• **WORK TO COMPLETE**: Write out exactly the lines of the entries below from the one holding "TPHCM: Không cho tiền người hành khất" to the one holding "New 2026 Mitsubishi Outlander AWD image 20", inclusive, and leave out all other lines.

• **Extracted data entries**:
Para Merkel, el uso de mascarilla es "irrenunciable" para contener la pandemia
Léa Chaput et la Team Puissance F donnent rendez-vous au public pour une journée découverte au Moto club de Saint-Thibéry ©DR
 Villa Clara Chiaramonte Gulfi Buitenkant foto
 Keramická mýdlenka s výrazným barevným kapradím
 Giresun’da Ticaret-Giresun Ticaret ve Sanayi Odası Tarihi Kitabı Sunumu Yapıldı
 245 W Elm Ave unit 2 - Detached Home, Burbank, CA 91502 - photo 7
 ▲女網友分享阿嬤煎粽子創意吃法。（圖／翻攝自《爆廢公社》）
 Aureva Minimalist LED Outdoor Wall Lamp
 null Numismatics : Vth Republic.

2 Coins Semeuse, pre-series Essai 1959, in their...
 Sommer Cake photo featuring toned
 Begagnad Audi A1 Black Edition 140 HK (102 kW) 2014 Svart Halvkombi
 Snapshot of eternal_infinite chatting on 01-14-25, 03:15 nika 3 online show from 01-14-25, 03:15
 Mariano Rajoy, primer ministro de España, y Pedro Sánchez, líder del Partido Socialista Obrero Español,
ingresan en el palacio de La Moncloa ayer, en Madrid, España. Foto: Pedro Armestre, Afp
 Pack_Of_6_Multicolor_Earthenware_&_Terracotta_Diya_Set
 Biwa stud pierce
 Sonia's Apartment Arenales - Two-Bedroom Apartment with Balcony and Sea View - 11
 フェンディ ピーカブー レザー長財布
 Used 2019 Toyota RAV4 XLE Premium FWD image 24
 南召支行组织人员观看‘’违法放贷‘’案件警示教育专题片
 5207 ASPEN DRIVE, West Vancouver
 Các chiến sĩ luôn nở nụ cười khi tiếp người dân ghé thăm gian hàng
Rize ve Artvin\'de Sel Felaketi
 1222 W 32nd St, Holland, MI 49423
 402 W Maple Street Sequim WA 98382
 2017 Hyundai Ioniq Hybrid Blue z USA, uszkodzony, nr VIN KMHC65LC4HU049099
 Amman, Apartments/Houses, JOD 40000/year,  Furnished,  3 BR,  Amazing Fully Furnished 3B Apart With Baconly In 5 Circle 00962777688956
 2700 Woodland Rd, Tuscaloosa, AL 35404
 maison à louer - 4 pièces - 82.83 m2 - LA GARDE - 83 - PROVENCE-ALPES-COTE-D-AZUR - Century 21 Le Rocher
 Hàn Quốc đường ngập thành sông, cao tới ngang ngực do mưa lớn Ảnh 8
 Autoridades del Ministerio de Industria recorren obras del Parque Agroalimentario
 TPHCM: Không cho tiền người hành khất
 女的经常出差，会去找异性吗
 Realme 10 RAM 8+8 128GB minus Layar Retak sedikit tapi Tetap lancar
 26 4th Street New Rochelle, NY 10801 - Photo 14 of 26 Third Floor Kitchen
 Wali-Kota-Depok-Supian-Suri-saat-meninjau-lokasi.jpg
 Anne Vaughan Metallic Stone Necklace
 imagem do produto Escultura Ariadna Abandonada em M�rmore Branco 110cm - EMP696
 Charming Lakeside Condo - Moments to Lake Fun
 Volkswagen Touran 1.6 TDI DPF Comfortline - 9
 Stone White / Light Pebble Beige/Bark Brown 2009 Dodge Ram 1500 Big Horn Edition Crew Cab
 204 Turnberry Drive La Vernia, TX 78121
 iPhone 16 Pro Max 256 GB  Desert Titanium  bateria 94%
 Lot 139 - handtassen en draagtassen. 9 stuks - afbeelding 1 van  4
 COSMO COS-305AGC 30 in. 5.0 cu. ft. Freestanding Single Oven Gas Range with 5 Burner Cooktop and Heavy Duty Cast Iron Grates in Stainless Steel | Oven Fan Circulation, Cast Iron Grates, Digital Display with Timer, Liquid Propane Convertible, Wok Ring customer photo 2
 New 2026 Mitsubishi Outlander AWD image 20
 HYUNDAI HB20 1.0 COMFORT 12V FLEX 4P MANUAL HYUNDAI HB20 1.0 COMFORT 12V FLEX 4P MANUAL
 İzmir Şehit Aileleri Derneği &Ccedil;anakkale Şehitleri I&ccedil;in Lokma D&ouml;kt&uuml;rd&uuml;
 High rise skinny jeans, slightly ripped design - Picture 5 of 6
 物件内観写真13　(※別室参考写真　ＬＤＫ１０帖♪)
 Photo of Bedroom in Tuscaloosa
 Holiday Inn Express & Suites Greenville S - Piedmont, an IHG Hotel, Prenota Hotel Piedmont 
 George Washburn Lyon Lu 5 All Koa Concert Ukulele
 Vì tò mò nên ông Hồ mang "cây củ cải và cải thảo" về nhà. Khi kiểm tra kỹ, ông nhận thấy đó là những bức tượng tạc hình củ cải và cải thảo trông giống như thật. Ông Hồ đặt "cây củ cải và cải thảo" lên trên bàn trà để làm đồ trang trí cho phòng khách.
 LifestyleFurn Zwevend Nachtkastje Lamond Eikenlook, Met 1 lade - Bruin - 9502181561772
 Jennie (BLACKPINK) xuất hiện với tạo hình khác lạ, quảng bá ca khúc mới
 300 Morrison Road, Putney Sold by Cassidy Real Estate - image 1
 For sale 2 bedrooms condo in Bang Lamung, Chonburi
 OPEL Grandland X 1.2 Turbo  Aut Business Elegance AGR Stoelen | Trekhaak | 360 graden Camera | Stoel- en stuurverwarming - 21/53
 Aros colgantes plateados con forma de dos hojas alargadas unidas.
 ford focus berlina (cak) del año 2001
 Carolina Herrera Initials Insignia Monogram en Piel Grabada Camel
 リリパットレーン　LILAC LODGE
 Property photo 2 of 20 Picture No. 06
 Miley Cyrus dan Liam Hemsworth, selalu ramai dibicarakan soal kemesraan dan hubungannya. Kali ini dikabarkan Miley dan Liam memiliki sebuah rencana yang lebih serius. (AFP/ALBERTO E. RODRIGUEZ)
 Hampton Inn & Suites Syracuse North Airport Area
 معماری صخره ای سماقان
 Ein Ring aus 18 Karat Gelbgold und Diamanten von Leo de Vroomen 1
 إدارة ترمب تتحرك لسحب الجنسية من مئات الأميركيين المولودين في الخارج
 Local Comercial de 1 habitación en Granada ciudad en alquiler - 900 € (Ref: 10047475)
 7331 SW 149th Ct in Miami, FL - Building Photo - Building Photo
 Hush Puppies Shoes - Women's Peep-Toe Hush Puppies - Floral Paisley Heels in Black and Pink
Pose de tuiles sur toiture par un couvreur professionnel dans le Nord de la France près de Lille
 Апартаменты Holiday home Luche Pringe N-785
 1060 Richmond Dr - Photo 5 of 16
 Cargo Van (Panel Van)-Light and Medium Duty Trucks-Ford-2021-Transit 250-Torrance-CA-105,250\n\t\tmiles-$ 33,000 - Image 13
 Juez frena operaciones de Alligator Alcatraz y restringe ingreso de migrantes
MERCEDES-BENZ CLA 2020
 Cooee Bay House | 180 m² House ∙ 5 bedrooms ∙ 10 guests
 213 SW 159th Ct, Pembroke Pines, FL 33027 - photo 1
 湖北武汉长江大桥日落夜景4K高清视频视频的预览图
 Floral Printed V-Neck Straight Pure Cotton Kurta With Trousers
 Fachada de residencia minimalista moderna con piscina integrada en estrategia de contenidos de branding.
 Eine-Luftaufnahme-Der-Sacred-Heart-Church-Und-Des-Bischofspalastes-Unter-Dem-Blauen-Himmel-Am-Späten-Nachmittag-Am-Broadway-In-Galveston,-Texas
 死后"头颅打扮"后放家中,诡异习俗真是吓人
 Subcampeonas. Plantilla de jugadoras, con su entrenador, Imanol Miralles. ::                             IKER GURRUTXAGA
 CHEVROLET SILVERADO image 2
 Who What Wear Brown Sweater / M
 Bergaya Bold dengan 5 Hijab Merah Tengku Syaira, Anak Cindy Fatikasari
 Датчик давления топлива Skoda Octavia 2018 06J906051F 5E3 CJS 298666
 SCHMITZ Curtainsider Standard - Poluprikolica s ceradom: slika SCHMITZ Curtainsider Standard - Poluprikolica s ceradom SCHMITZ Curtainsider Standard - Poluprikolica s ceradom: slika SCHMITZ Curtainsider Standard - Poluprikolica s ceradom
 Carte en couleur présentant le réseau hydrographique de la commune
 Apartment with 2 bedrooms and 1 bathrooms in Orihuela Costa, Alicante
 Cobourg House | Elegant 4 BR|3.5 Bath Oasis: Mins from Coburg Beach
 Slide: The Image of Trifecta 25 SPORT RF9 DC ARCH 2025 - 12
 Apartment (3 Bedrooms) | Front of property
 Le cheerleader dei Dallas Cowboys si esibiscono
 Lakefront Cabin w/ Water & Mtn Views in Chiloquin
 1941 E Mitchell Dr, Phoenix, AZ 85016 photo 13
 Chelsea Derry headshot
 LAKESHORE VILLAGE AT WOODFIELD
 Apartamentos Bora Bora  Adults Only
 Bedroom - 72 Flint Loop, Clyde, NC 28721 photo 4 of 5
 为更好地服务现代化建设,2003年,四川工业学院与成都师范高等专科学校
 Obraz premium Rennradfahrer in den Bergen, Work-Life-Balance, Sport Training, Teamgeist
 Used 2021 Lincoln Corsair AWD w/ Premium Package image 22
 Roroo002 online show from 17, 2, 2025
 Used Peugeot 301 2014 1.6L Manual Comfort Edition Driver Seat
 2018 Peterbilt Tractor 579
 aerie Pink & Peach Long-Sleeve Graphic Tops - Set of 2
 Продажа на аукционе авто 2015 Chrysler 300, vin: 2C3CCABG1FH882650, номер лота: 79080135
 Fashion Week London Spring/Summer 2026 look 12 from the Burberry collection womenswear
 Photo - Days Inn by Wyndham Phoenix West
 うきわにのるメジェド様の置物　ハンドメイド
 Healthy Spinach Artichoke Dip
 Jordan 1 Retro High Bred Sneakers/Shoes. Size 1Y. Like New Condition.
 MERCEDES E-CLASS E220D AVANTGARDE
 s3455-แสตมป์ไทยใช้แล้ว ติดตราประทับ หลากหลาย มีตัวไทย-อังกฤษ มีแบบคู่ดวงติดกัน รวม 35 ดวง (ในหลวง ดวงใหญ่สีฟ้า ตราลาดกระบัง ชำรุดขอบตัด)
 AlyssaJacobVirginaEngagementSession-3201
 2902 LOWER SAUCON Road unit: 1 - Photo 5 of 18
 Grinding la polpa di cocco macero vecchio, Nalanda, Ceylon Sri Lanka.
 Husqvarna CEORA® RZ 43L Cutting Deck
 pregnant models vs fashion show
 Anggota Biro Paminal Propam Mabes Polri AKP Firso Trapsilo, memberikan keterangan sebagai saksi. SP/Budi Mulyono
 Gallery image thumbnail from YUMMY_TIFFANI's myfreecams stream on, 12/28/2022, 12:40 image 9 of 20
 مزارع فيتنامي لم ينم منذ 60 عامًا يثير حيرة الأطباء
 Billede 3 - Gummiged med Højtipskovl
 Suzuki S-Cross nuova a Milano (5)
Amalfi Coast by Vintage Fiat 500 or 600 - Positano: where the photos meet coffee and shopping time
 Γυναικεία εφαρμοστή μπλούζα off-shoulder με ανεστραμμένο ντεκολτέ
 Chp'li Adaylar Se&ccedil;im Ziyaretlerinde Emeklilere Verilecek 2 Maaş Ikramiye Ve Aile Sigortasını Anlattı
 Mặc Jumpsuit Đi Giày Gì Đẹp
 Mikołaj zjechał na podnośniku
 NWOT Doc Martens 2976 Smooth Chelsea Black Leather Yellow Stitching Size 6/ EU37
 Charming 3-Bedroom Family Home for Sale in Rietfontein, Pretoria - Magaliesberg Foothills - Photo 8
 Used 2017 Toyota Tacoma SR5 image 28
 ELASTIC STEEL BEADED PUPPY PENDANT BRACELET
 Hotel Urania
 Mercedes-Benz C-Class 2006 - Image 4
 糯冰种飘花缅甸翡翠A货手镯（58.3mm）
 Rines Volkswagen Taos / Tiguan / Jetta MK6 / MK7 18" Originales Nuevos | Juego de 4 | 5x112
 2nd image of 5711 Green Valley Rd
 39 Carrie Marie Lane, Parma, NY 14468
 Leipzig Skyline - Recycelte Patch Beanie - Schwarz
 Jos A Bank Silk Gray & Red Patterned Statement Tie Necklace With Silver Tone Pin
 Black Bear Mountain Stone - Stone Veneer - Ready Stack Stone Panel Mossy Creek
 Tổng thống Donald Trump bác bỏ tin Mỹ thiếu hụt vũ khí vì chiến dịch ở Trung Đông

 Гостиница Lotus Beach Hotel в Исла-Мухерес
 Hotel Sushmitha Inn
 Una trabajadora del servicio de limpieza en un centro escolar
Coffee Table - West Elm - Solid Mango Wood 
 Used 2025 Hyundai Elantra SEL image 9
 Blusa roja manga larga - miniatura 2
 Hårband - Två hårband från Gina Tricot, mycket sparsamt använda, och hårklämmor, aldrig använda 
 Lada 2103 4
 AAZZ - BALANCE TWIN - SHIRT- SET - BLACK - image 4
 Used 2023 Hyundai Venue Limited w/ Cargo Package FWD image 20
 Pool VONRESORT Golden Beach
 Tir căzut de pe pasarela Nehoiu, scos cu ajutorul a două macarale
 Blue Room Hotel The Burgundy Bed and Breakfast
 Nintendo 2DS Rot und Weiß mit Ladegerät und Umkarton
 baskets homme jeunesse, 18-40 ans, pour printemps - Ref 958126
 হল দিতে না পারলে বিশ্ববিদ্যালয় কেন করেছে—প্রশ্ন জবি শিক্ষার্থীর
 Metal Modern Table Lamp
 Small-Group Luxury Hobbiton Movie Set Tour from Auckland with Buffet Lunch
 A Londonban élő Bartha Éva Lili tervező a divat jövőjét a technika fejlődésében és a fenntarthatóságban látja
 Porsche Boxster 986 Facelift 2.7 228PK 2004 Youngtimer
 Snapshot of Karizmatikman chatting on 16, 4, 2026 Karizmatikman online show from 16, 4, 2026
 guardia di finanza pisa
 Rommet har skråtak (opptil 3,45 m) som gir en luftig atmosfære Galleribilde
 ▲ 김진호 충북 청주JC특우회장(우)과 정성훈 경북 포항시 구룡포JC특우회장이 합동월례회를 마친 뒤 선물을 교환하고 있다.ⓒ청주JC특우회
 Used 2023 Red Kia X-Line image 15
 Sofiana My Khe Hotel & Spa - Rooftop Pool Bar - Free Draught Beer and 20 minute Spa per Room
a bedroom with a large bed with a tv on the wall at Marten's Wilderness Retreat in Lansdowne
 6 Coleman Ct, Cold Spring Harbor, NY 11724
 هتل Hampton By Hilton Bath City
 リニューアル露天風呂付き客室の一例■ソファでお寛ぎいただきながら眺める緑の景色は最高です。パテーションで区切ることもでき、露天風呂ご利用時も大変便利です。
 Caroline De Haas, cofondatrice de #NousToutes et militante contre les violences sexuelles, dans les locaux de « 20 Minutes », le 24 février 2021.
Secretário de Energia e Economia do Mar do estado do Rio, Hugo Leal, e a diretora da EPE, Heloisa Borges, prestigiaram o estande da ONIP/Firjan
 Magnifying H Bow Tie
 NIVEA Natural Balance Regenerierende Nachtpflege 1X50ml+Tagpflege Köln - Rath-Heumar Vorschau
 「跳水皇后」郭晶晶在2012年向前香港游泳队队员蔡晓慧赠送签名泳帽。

• **EXERCISE SOLUTION**:
 TPHCM: Không cho tiền người hành khất
 女的经常出差，会去找异性吗
 Realme 10 RAM 8+8 128GB minus Layar Retak sedikit tapi Tetap lancar
 26 4th Street New Rochelle, NY 10801 - Photo 14 of 26 Third Floor Kitchen
 Wali-Kota-Depok-Supian-Suri-saat-meninjau-lokasi.jpg
 Anne Vaughan Metallic Stone Necklace
 imagem do produto Escultura Ariadna Abandonada em M�rmore Branco 110cm - EMP696
 Charming Lakeside Condo - Moments to Lake Fun
 Volkswagen Touran 1.6 TDI DPF Comfortline - 9
 Stone White / Light Pebble Beige/Bark Brown 2009 Dodge Ram 1500 Big Horn Edition Crew Cab
 204 Turnberry Drive La Vernia, TX 78121
 iPhone 16 Pro Max 256 GB  Desert Titanium  bateria 94%
 Lot 139 - handtassen en draagtassen. 9 stuks - afbeelding 1 van  4
 COSMO COS-305AGC 30 in. 5.0 cu. ft. Freestanding Single Oven Gas Range with 5 Burner Cooktop and Heavy Duty Cast Iron Grates in Stainless Steel | Oven Fan Circulation, Cast Iron Grates, Digital Display with Timer, Liquid Propane Convertible, Wok Ring customer photo 2
 New 2026 Mitsubishi Outlander AWD image 20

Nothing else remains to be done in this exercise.